Acabei de avistar as vizinhas na calçada. Aqui mesmo no trecho da rua onde moro, um pouco mais adiante de minha casa, basta a noite chegar e logo uma parte da calçada é tomada por cadeiras para as mesmas pessoas da vizinhança, todas mulheres e sempre com proseados na ponta da língua, pois ali permanecem por muito tempo.
Um bom momento para saírem do verdadeiro forno que estão as residências nesta época. Ninguém suporta o calor durante o dia, e na noite não é muito diferente. Após o anoitecer ainda é possível sentir uma aragem vinda da boca da barra, mas ainda assim prevalecendo a quentura de fazer suar. E dizem que o calor redobra em mulheres acima dos quarenta.
Na verdade, são três irmãs que sentam do lado de fora para receber as amigas, e assim vai chegando uma, depois outra, mais outra e assim por diante. Quando passo sempre brinco dizendo que a tempestade já está se formando na barra e não vai demorar muito pra mandar todo mundo de volta às suas casas. Prossigo no meu passo e elas prosseguem nos seus proseados.
Não é difícil saber o que tanto conversam. As irmãs não possuem fama de fofoqueiras nem vivem sendo chamadas de olheiras da vida alheia, por isso mesmo creio que não permitem nem estimulam na sua porta o dissecamento injurioso da vida dos outros. Pressuponho, assim, que fartamente proseiam sobre assuntos femininos, sobre situações cotidianas e uma gama de capítulos que somente as mulheres sabem buscar nos baús.
Certamente que um assunto puxa o outro e de repente já estão indo além das meras observações rotineiras. E logicamente sempre fazendo considerações acerca de quem passa, como passa, que roupa veste, com quem vai acompanhado, além de um ouvi dizer que acaba entrando na esfera da pessoalidade e da boataria. Na verdade, só mesmo Deus na sua onipresença para saber o que de oleoso e aquoso por ali se derrama.
Mas acho bonito e nostálgico encontrá-las ao anoitecer naquele local. Os centros urbanos, principalmente as capitais, aos poucos vão perdendo o senso de vizinhança, de amizade, de encontros como o que acontece com aquelas amigas. A grande maioria das pessoas vive de portas fechadas e quando a noite cai não aparece sequer na janela. Talvez o medo da violência ao redor e por todo lugar seja o fator principal para o recolhimento nas horas mais escurecidas.
Infelizmente não são apenas os grandes centros urbanos que deixaram de apresentar paisagens noturnas com pessoas nas calçadas, senhoras recordando os idos nas suas cadeiras de balanço, caminhantes pelas ruas na apreciação da luz do luar.
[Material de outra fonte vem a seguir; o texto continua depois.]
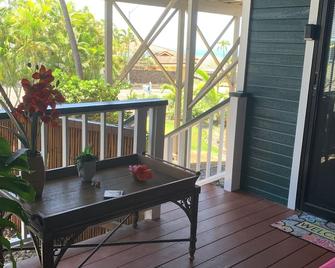 Cozy Hawaiian studio just minutes to the beach and town. No minimum stay - Kailua-Kona - Balcon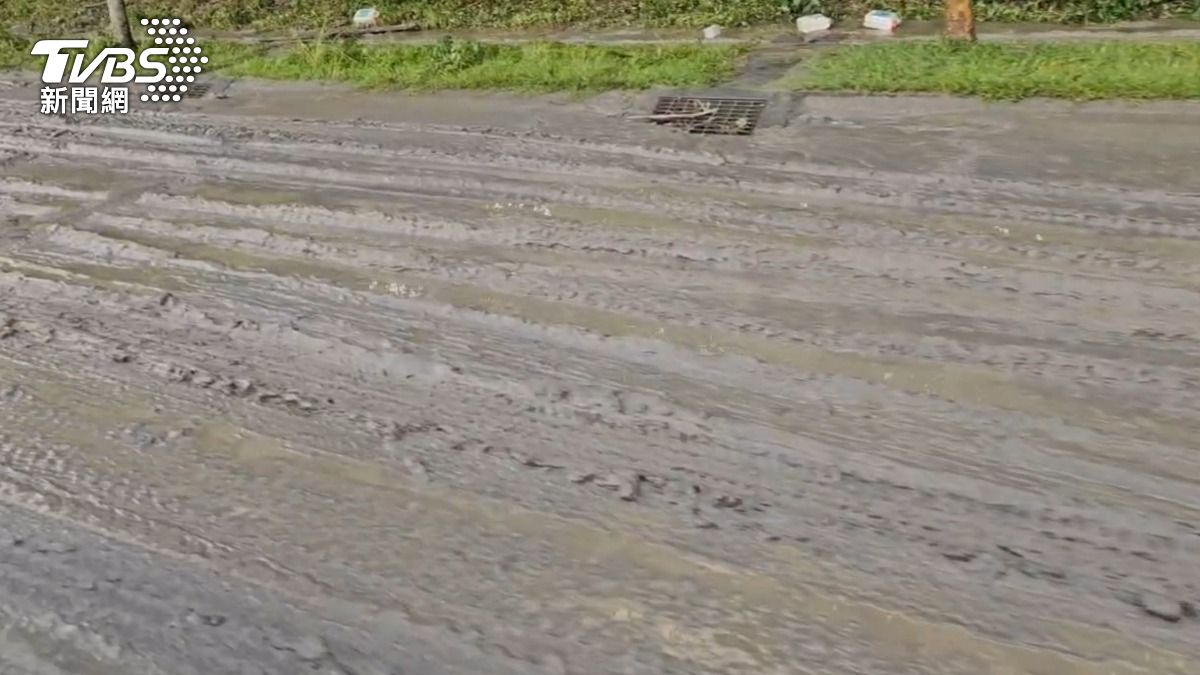 台9線通往蘇澳市區道路,水退後全是淤泥。(圖/TVBS)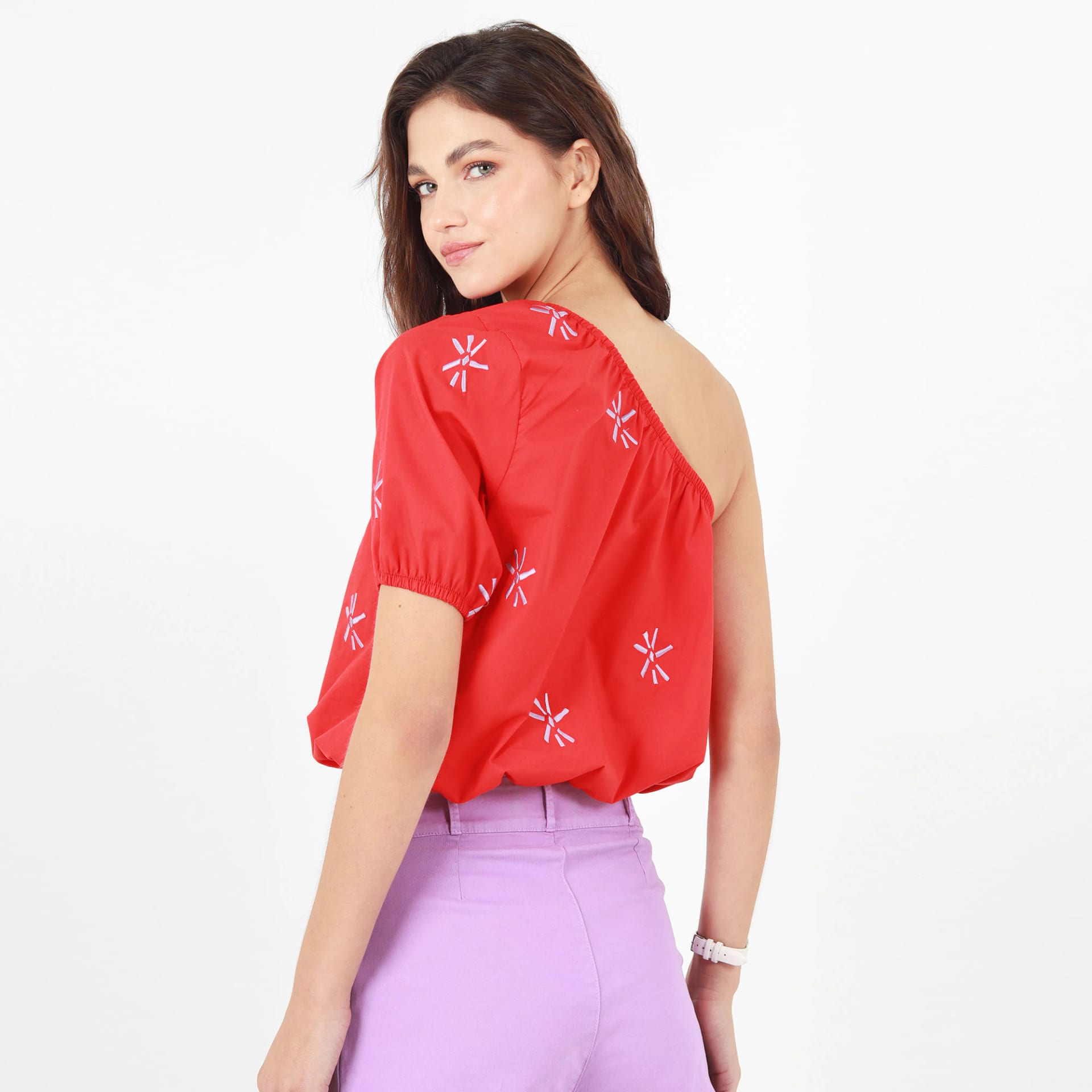 Blusa Cuello Asimetrico Manga Corta - imagen 4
Houve um tempo em que a noite era propícia aos passeios no clima ameno. Mas as mudanças não ocorrem apenas nas ditas cidades grandes, pois as regiões interioranas também passaram a ressentir dessa transformação nos relacionamentos, do distanciamento de vizinhos e do forçado enclausuramento.
Mas não só a violência para afastar as famílias de suas calçadas. Os jovens sempre preferem buscar ambientes de diversão a estar conversando com seus familiares ou pessoas mais velhas; homens e mulheres aproveitam a noite para se prostrar em vigília defronte às televisões; e são poucos os que ainda colocam uma cadeira do lado de fora ou saem em rápidas caminhadas. Daí que não só as calçadas perdem as noturnas reuniões, como as ruas e praças se veem praticamente desertas.
Recordo de um tempo sertanejo aonde mulheres chegavam às calçadas com cestos de feijão para debulhar, com espigas de milho para tirar a palha, com almofadas de bilros para tecer suas rendas. Ou simplesmente para sentar nas cadeiras de balanço e esperar a chegada da aragem boa e com cheiro de lua. E de repente o sono chegando e, ali mesmo na calçada, os sonhos bons com tempos que não voltam mais.